> Aim of the task
Repeat the following data exactly, omitting pictures.

··· Data shown ···

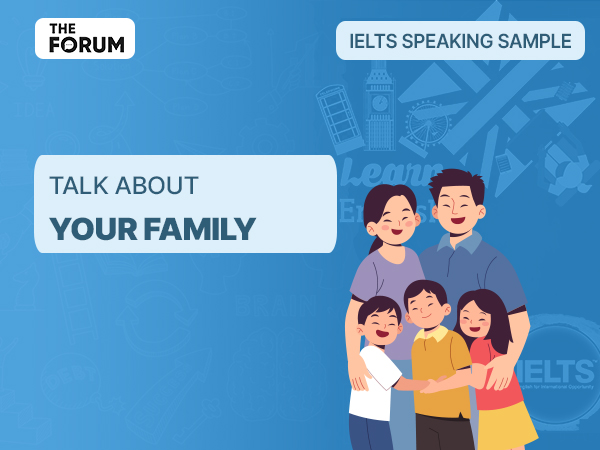 bài mẫu Talk About Your Family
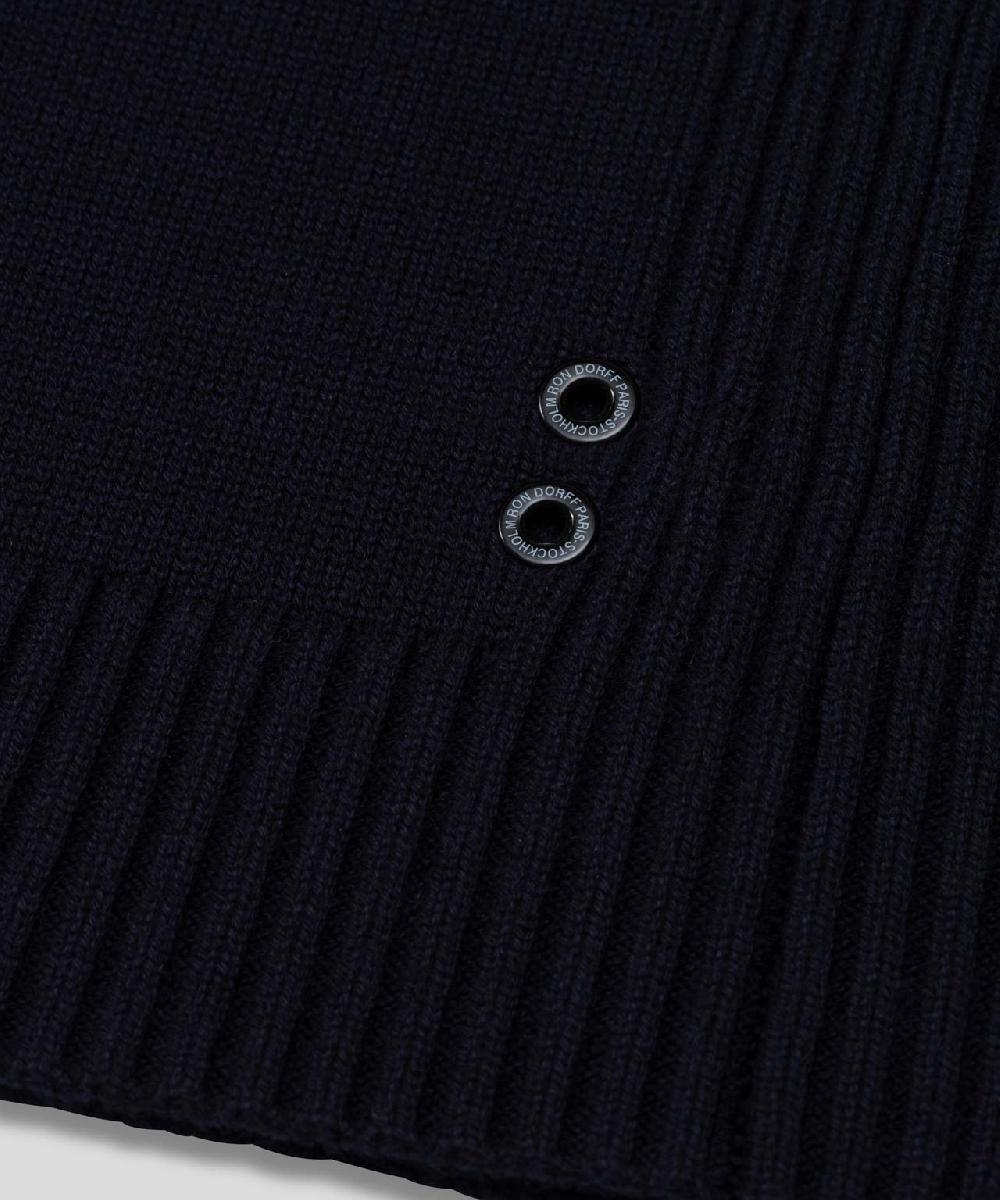 Ron Dorff Pull En Laine Et Coton Bleu Marine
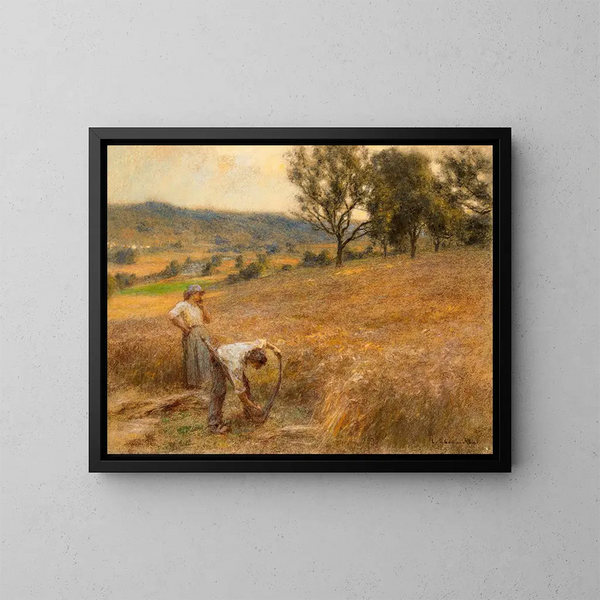 Faucheurs, due figure - Léon Augustin Lhermitte — quadro incorniciato alla parete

···

> Answer box
 bài mẫu Talk About Your Family
 Ron Dorff Pull En Laine Et Coton Bleu Marine
 Faucheurs, due figure - Léon Augustin Lhermitte — quadro incorniciato alla parete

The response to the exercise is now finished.